As Ceias

Havia uma espécie de tradição na região onde morávamos que eram as ceias, em que apenas os homens participavam.

A particularidade deste evento era que o prato principal, geralmente galinhas, patos ou galos não podiam ser comprados e sim “emprestados”.

“Se não for surrupiado não tem o mesmo sabor”, diziam os mais experientes.

Meu pai, tios e irmãos mais velhos promoveram e foram convidados para muitas delas.

Eu tive a oportunidade de participar de uma, quando já morava na cidade.
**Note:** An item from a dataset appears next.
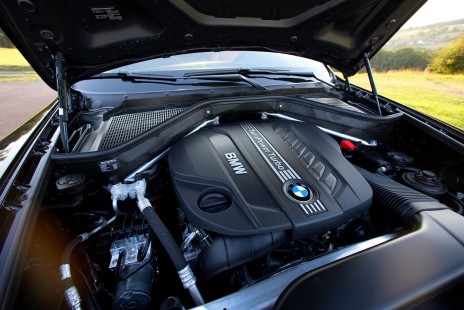 BMW-X5-40d-2012-56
Num sábado à noite, estávamos reunidos num baile no Clube Delfinense, e as coisas não andavam muito animadas por lá.

Meu amigo Tarcísio me chamou de lado e sugeriu:

- Magrelo, que tal fazermos uma ceia na minha casa? – Meus pais estão passando esse final de semana na fazenda. Animou.
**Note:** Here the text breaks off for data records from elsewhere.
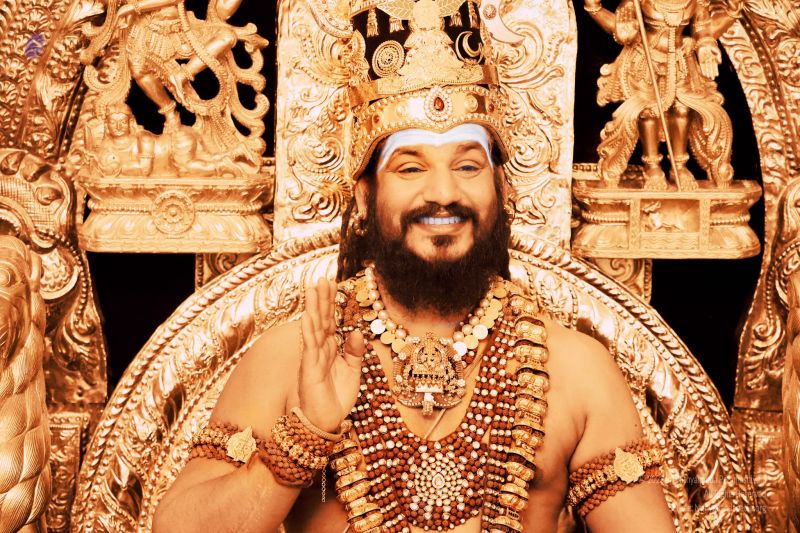 File:20230814 1004 365446498 FB.jpeg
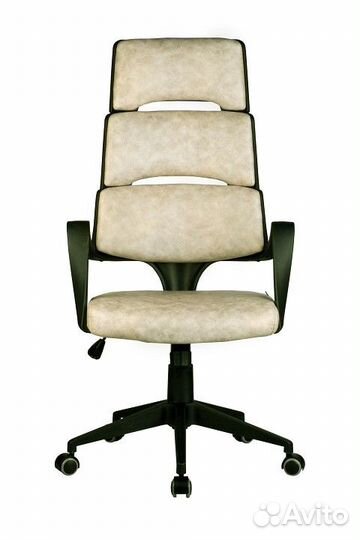 Кресло компьютерное Riva Chair Sakura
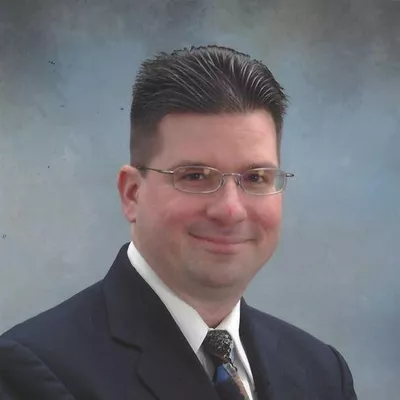 Roach Bankruptcy Center LLC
- Só se for agora. Respondi sem pensar.

Tratamos logo de reunir os “convidados” e fomos distribuindo as tarefas de acordo com as “habilidades” cada um: O Dálcio, filho do prefeito e meu primo Antonio Carlos (o Fêio), ficaram de “emprestar” o prato principal, que posteriormente ficaríamos sabendo que fora subtraído de um caseiro da fábrica Colombo.

O Tarcísio e o Armando se encarregaram do tempero, arroz e macarrão.

Eu e meus primos Sávio e Carlos (o Cal) fomos incumbidos de providenciar cerveja e cachaça.

Lembro-me que para completar a cota necessária de pinga compramos uma garrafa da famosa “aurora”, de um bêbado (O Claudinho das Candôngas) na rua mesmo, uma vez que todos os bares já estavam fechados.

Ele relutou em vender, mas nossos argumentos foram mais fortes e ele cedeu.

Para nosso cozinheiro foi escalado o Reginaldo que era mestre e experiente na arte da culinária mineira.

Tudo providenciado, fomos para a casa do Tarcísio, por volta de meia noite.

A animação foi grande enquanto preparávamos tudo. Acendemos um enorme fogão à lenha, depenamos duas gordas galinhas, acertamos alguns detalhes e deixamos o resto por conta no nosso “mestre cuca”.

Enquanto esperávamos, tomamos bons goles de pinga, relembramos casos do Grupo Escolar Marquês de Sapucaí e contamos muitas piadas.

Por volta das 2 horas estávamos já bem “calibrados” e com uma fome de lascar. Mas o Reginaldo era eficiente e logo podemos nos servir.

Resultado: Por volta das 3 horas tínhamos dado conta de toda comida e bebida que havia por lá.

Acontece que mesmo no domingo, alguns tinham suas obrigações. Era o caso do Tarcísio e Antonio Carlos que deveriam estar nas fazendas de seus pais de madrugada para ordenhar seus rebanhos.

Resolvemos dormir um pouco e alguém colocou o despertador para acordarmos às 5 horas. Teria dado resultado se não fosse alguém jogar o despertador pela janela tão logo ele se manifestasse.

Fomos obrigados a acordar por volta das 7 horas.

Tarcísio selou um cavalo e saiu apressado fazendo mil recomendações aos demais. Meu primo não teve a mesma sorte. Teve que marchar a pé até a fazenda e eu, em solidariedade, o acompanhei. Sorte que seu irmão Paulo Sérgio havia tomado as providências necessárias por lá.

Os demais, sem maiores compromissos ficaram encarregados da limpeza e arrumação daquela desordem.

Até hoje, quando encontro um desses amigos, essa lembrança é pauta em nossas conversas.

Mas não pensem que nossos galinheiros estavam imunes aos “fazedores de ceia” não. Vez ou outra eu ouvia minha mãe reclamar para o meu pai que alguma ave havia desaparecido de nosso galinheiro.

Meu pai, fingindo-se de preocupado dizia sempre:

- Deve ser algum bicho do mato, vou verificar.

Mas no fundo mesmo acho que ele pensava: “Chumbo trocado não dói”.

E as ceias continuaram por muito e muito tempo. Penso que hoje já não existe mais.